Sunday, December 18, 2011

Can you become Lincoln, Einstein, Gandhi, Shakespeare, Picasso or Brad Pitt?



"Anyone can reach anywhere."  Thousands of books on the racks (‘millions of copies of which are sold’ every year) are there simply to state this. They talk about those who succeeded from the worst.  Lincoln was poor, he could not attend school and he started working from 9; his entire life was one of failures. But he became the President of USA and one of the greatest men ever lived. They cite  uneducated  Edison who became a great inventor, Ford (illiterate) who became a great industrialist, Andrew Carnegie who rose up from poverty to  riches, and the deaf, mute and blind Helen Keller who became a great lady.  They even talk about a few Negroes who, against all odds, educated themselves and achieved success.       

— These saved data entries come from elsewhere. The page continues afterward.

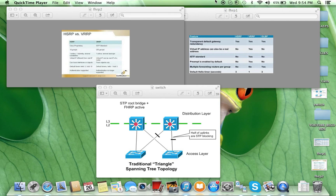Let's talk about HSRP, VRRP, and GLBP — First Hop Redundancy Protocols. In the bottom picture you see a Layer 2 access design, where the connection from access to distribution is Layer 2, and the first-hop gateway is on the distribution layer. Between distribution switches is a Layer 2 connection, and above distribution it's Layer 3 — it can be core, it can be a wide-area network, and so on.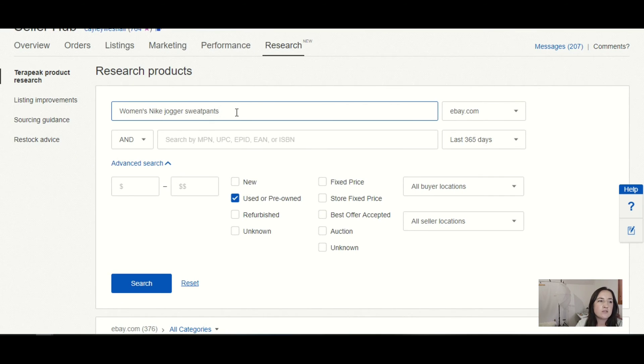Another thing that I have found this helpful for is to search on this before I go sourcing, to try and get an idea of what kind of items I should be looking for and what brands in certain categories. I recommend that you do some research every single week so that you can stay on top of what's trending and what is on the decline. You can do that by using Terapeak pretty easily.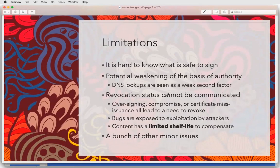It's hard to know what's safe to sign. We have a potential diversification of the way in which we determine what authority means. Because we diversify it, we potentially weaken what it means to have authority, and there are a bunch of things you have to work through as a result. The revocation status and so forth is quite challenging.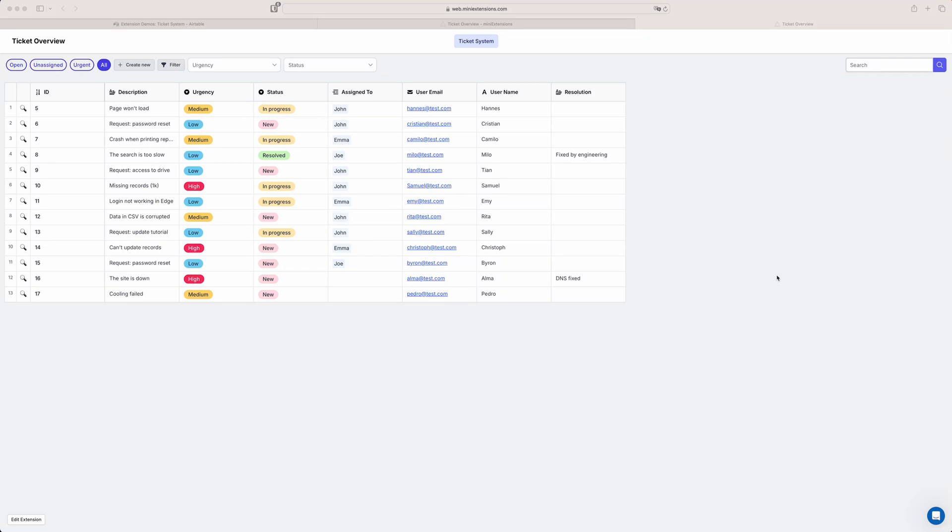In this video I'm going to show you how you can create an editable grid view for Airtable using mini extensions.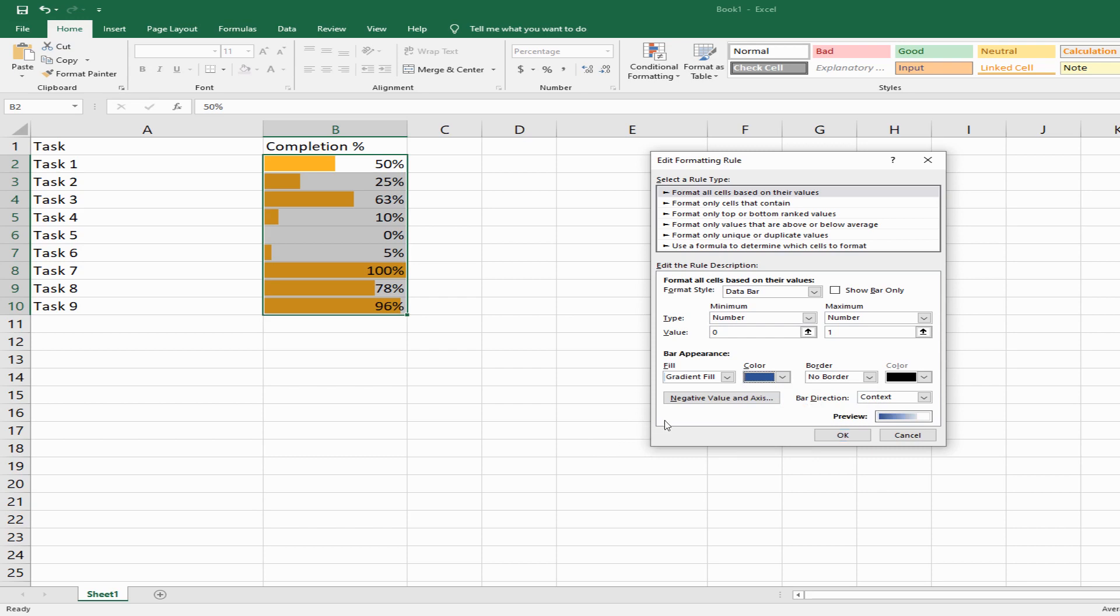Let's say I want a blue color—this is how it's going to look. You also have bar direction options: left to right or right to left.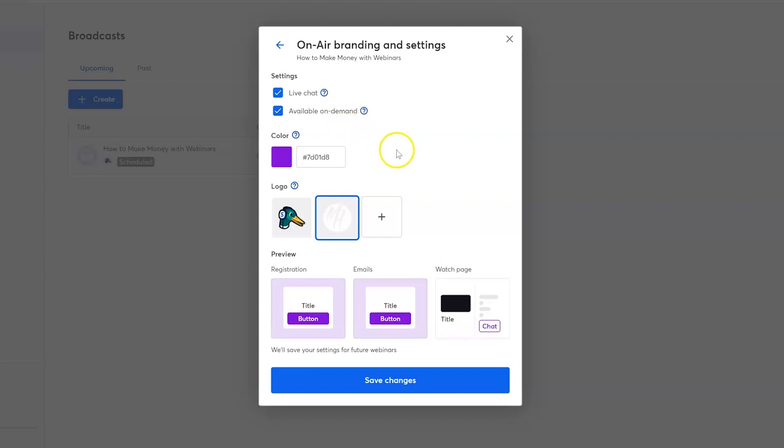You can also create a custom color and logo for your registration page, your emails, and your watch page as well. Once you're done and you've got all that picked, save your changes.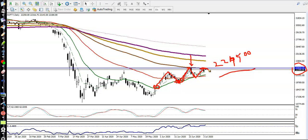Right now we are looking to enter in both directions. There are two probabilities — we never know which direction price will go. It may reverse back toward the moving average again, or it may continue toward the upside. That is why we are considering entries in both directions, but we need a specific entry point.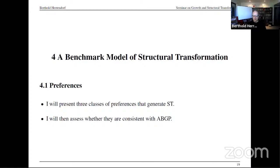So far there's no structural change — just consumption and investment growing at the same rate when expressed in the same units. I'm now going to present a benchmark model of structural change, which disaggregates consumption and focuses on structural change within consumption. I will present three classes of preferences that give structural change and assess whether they are consistent with aggregate balanced growth paths. Consumption is roughly 80–85% of total GDP in most developed economies, so structural change within consumption is a natural first step.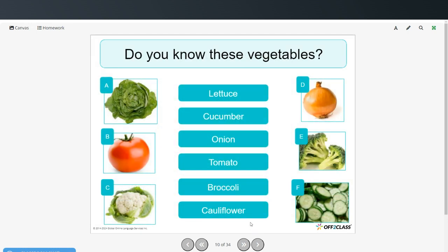Now we're going to talk about vegetables. See if you can match the names with the pictures. You can pause the video and try that on your own, and then restart when you're ready to check your answers.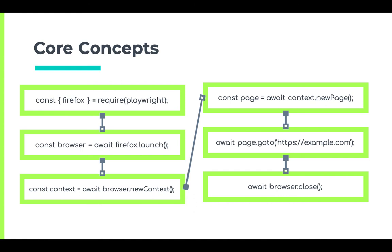Using the browser type's launch method, we create a browser instance of that browser type. Then we start a browser context so that we have an isolated incognito-like session.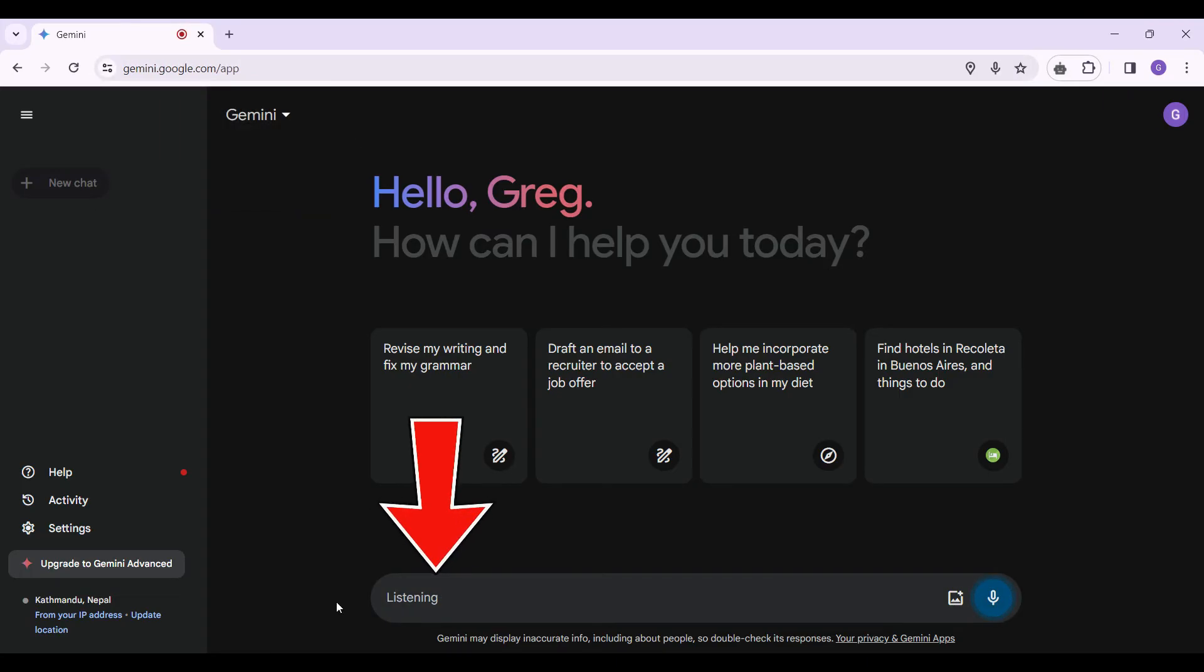Well, as you can see, it's listening to me. So whatever I say will be converted to text. Now, let's try something.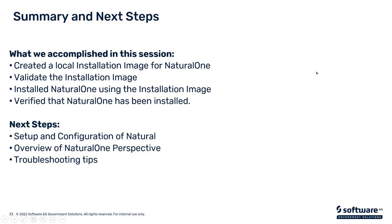So what we accomplished in this session was we've created the local image from Empower. We validated the image. We installed Natural 1 using the installation image. We verified that the image was installed. In the next module, we will then do the setup of Natural 1. We'll do an overview of the Natural 1 perspective, and we'll discuss some troubleshooting tips.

They say aloud: ‘You are the captain of your soul; you are the master of your destiny.’ But are we the makers of our destiny?  Are we truly responsible for the heights or pits we find ourselves later in life?  Do heredity, environment and experiences influence the way life unravels?
 They have studied only those who tried and won. The vast majority of those who failed or continue to fail go unnoticed. They made rules (generalizations of success) from the lives of those who succeeded. But their study limits itself to the attempts they made, the setbacks and failures they had to face and the sweating they did. No attempt was made to ascertain the IQ, structure of the grey matter, their biology; childhood environment, parental interaction and experiences from infancy. Are these factors not influencing one’s life? And without an in-depth of study of them are the generalizations valid?  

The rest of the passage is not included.